Ma a me ha colpito la bontà di Primo Levi, il suo aver cercato il confronto per gettare in faccia ad uno dei rappresentanti di quella infamia l'ingiustizia del loro agire, per poi però riconoscergli in fondo una dimensione di umanità fino a non rifiutargli drasticamente l'incontro fisico richiestogli.
Mentre il nazista osa dirgli che "Percepiva nel mio libro un superamento del Giudaismo, un compimento del precetto cristiano di amare i propri nemici"!
Ebbene, io nasco cattolica, sono stata educata in ambiente cattolicissimo: iscritta all'Azione Cattolica fin dall'età di 11 anni frequentandola assiduamente fino ai miei 18 anni; mia madre era cattolica credente in tutti i precetti della Chiesa Cattolica e mi ripeteva come un mantra "La miglior vendetta è il perdono". Ma non ho mai accettato il mantra di mia madre e ancor di meno lo accetto ora che ho 77 anni ed ho attraversato la vita.
Trovo nelle parole del nazista Müller il suo pregiudizio sugli ebrei: superamento del Giudaismo!
E' evidente che egli attribuisce alla religione ebraica, o solo alla mentalità ebraica per i laici, una connotazione negativa in confronto al cattolicesimo che discende dalla predicazione dell'ebreo Cristo, il quale prescrive di perdonare, mentre il Dio della Bibbia giudica e punisce.

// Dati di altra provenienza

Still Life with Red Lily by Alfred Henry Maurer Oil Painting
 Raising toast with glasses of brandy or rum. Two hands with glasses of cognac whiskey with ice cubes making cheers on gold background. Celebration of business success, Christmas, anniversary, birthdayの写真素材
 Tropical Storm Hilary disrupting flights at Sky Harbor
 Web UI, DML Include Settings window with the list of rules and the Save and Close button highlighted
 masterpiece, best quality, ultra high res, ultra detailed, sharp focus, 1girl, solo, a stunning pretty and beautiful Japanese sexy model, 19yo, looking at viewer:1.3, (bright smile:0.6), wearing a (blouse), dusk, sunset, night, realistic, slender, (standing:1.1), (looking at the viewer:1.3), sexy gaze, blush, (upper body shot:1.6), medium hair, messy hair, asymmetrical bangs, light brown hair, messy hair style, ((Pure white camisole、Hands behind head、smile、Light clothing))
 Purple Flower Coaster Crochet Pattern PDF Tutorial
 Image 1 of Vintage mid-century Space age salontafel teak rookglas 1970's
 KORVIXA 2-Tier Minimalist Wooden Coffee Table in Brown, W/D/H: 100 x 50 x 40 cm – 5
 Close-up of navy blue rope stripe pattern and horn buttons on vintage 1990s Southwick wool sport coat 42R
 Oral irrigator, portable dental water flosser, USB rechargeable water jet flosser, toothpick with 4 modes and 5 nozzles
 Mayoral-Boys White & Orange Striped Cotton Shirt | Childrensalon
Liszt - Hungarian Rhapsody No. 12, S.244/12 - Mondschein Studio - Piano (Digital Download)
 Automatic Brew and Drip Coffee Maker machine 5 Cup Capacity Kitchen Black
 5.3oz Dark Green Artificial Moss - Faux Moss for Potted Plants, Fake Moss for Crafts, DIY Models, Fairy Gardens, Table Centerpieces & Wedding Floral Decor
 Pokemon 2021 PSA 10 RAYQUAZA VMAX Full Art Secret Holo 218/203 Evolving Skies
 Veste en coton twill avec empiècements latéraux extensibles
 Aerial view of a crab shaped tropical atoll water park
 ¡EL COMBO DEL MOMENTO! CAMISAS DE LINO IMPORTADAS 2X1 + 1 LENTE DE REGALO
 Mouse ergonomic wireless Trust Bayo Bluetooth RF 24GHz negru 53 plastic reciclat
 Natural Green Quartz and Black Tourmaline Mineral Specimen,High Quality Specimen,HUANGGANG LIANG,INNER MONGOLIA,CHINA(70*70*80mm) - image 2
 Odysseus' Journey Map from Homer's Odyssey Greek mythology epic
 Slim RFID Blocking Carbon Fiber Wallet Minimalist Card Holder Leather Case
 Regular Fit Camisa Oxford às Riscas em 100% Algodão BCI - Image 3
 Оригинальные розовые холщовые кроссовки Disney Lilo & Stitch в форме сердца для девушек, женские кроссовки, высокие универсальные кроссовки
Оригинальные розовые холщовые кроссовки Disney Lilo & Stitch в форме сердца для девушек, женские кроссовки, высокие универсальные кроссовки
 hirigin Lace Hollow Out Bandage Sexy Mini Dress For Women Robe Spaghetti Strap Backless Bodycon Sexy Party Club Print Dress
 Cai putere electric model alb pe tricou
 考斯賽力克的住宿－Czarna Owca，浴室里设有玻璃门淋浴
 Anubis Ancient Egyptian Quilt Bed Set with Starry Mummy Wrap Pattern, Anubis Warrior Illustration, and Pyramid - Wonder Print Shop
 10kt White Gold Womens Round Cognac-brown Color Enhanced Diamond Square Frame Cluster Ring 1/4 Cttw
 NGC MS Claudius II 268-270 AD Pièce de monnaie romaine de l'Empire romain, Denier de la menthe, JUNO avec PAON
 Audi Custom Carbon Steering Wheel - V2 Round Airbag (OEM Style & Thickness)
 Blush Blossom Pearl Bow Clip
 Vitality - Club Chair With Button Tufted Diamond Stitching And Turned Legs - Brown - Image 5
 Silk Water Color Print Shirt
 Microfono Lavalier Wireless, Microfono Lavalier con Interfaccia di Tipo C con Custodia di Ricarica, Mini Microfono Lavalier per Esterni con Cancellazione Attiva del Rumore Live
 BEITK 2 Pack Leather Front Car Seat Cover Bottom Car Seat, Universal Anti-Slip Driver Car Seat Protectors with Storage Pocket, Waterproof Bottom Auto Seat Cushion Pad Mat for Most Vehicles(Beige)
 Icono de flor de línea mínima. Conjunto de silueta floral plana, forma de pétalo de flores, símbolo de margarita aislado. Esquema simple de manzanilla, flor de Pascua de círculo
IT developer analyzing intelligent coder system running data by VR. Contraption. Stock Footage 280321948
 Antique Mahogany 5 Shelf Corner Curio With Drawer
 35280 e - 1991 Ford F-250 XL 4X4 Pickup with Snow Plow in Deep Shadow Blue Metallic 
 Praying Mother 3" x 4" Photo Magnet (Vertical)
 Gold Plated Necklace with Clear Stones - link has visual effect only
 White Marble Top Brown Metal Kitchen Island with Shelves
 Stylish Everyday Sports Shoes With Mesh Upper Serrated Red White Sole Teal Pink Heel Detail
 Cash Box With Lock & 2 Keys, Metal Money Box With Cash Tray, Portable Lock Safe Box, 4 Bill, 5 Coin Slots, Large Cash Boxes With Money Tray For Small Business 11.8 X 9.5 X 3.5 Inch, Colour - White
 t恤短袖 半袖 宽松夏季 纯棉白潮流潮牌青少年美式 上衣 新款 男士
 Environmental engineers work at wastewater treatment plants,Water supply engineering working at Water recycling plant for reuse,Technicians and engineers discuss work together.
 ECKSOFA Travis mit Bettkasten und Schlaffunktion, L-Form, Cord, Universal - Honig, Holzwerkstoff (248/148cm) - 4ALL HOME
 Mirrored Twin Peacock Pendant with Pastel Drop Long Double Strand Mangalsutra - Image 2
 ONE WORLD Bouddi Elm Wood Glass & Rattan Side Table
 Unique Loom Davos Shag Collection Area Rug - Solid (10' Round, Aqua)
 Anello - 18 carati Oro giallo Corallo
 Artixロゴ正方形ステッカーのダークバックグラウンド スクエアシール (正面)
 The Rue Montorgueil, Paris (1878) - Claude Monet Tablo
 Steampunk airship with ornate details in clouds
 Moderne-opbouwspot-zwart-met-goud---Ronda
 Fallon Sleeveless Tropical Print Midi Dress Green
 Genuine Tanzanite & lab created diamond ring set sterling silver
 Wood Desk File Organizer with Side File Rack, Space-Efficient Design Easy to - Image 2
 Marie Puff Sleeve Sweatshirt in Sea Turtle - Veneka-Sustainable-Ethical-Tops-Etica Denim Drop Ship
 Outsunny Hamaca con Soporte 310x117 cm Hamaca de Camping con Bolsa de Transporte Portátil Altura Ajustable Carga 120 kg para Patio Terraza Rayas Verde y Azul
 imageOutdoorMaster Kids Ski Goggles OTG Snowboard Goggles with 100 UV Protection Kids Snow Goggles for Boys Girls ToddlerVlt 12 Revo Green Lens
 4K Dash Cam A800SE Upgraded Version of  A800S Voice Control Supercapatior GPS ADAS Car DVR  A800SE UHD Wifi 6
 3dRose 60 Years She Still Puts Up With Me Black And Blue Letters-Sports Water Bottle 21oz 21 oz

"superamento del Giudaismo!" E perché mai?! Non so come Levi non abbia sentito l'offesa nelle parole di questo vigliacco sconfitto nella sua aberrante ideologia dai russi e dagli americani!
Egli, ebreo, è molto più "buono" di me educata nel cattolicesimo ed oggi serenamente atea.
Altro gli avrei risposto al posto di Levi a Müller!!!
Ed eccomi all'appendice, all'intervista che lo scrittore americano Philip Roth fa a Levi.Di Roth comperai un libro dopo che, morto, ne scrissero che se fosse vissuto ancora sarebbe stato sicuramente designato per il Premio Nobel per la Letteratura.
Fra vari titoli decisi di iniziare da "Il teatro di Sabbath": e lì ho finito. Nulla c'è nella scrittura di costui che mi attragga e che io condivida. Non mi stupisco delle lodi di chi pensava che meritasse il Premio Nobel per la Letteratura giacché una che il Nobel l'ha preso, Doris Lessing, ha fatto per me la stessa fine: un libro "Il Diario di Jane Somers" e basta mai più!
Non mi stupisco dunque delle domande di un uomo come Roth per il quale il sesso, anche depravato, è argomento del suo raccontare la vita, che chiede a Primo di Giulia, la compagna di lavoro per la quale egli ha provato un timido sentimento mai a lei svelato e che poi sarà una cara amica di famiglia per il resto della vita.
Come capisco invece l'animo di Primo e come mi piace, lo amo, lo comprendo, tanto quanto Roth mostra di non poterlo proprio comprendere dalle domande che gli pone e non può nemmeno capire le risposte educate che Primo Levi gli da.
E all'ultima domanda che Roth gli pone, quella sugli scrittori che hanno fatto i Dirigenti in fabbriche di vernici, Levi gli ricorda quello che io avevo in mente e che Roth non ha citato dimostrando una lacuna: Italo Svevo.
E all'esempio di Anderson che abbandonò il lavoro per poter scrivere Primo Levi oppone il suo pensiero che è anche il mio: "..no, a me non sarebbe mai venuto in mente di abbandonare la famiglia e la fabbrica per mettermi a fare lo scrittore a tempo pieno come ha fatto lui; avrei avuto paura del salto nel buio, ed oltre a tutto avrei perso il diritto alla pensione".